Why did they stop and reverse?
Things started breaking in the financial system. And emerging markets were under the stress of capital outflows, driven by rising U.S. interest rates (threatening a global sovereign debt crisis).
Not only did they cut rates in July of 2019, they quietly stopped shrinking the balance sheet and restarted QE by late summer.
With all of the above in mind, despite the continued jawboning and "guidance" the Fed continues to promote, we've discussed the likelihood that tomorrow's hike could/should be the last in this tightening cycle — for no other reason than the financial system and global debt markets can't withstand higher rates.
Now, consider this …
We still have $6 trillion of money supply growth in the U.S. economy over the past two years. That's an increase in the money supply by one-third. It's ten years of money supply growth in two years. The result? A reset in prices higher (i.e. a devaluation of money in your pocket).
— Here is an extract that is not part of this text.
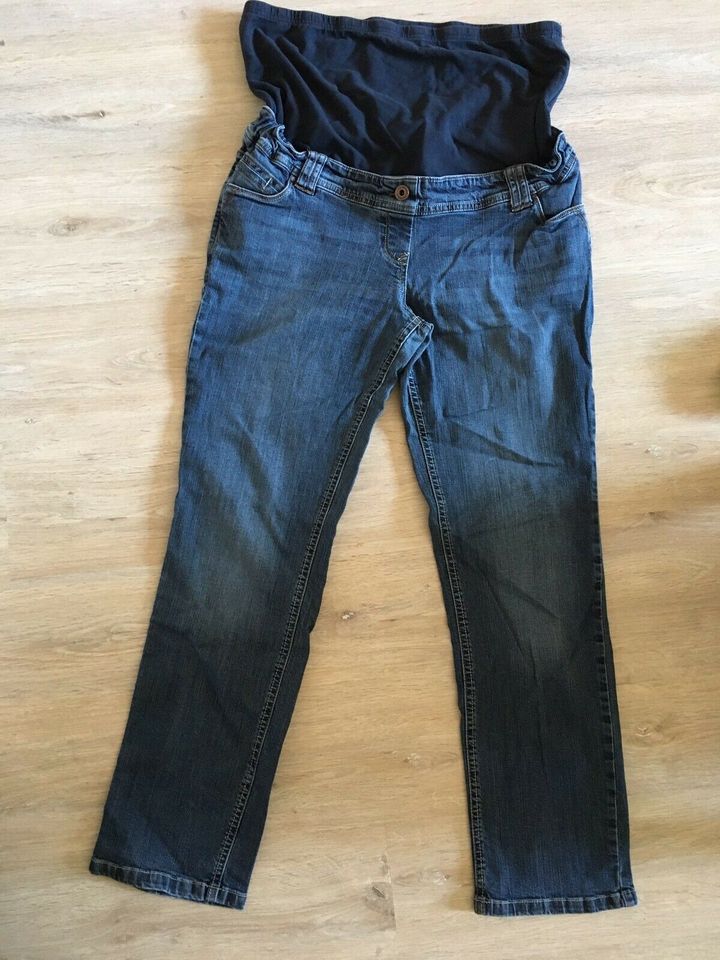 Umstandshose Umstandsjeans C&A Größe 48 in Gießen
Still, fiscal policymakers are so (not) concerned about this rate/inflation conundrum that they (the Senate) have just approved another $280 billion fiscal spend.
This is the "Chips Act," of which only 19% goes directly toward subsidies for chip makers.
That leaves $228 billion worth of handouts allocated in the name of "research." The section-by-section summary at senate.gov is littered with money for "energy." This looks like Build Back Better lite.
More fiscal spending, with monetary policy tools exhausting, is a formula for higher asset prices.